▶ _WORK TO BE COMPLETED_
Output the listing below verbatim, without images.

▶ _DATA SEGMENT_
Start of Block
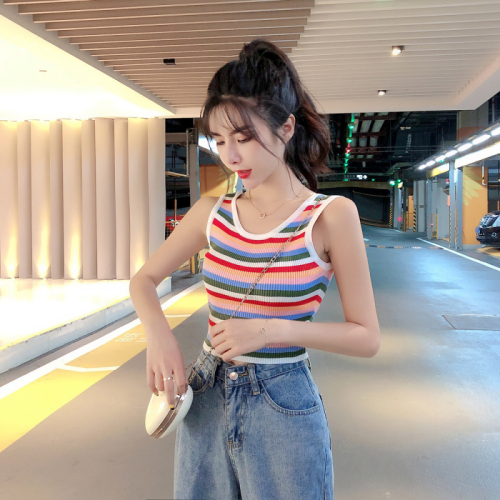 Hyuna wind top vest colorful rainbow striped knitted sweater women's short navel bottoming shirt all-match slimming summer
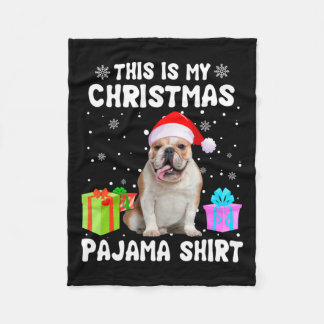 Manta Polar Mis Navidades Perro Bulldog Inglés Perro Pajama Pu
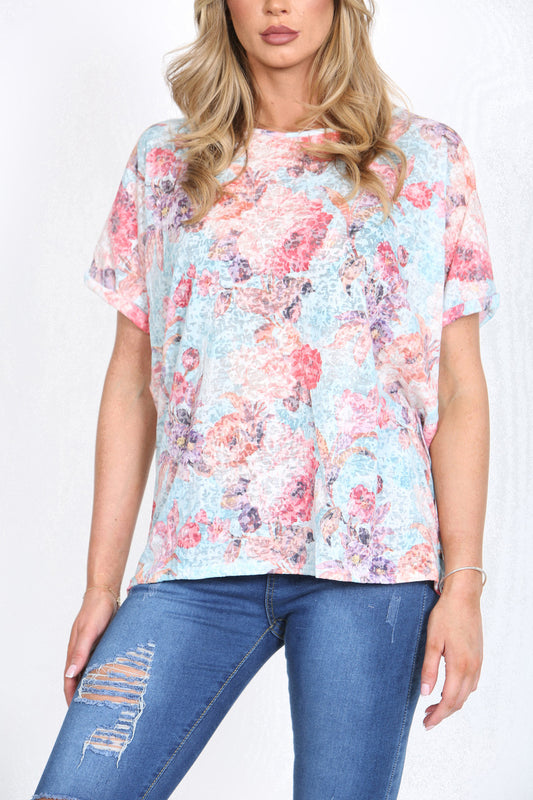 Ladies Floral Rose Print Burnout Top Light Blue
End of Block
▶ _WRITTEN ANSWER_
 Hyuna wind top vest colorful rainbow striped knitted sweater women's short navel bottoming shirt all-match slimming summer
 Manta Polar Mis Navidades Perro Bulldog Inglés Perro Pajama Pu
 Ladies Floral Rose Print Burnout Top Light Blue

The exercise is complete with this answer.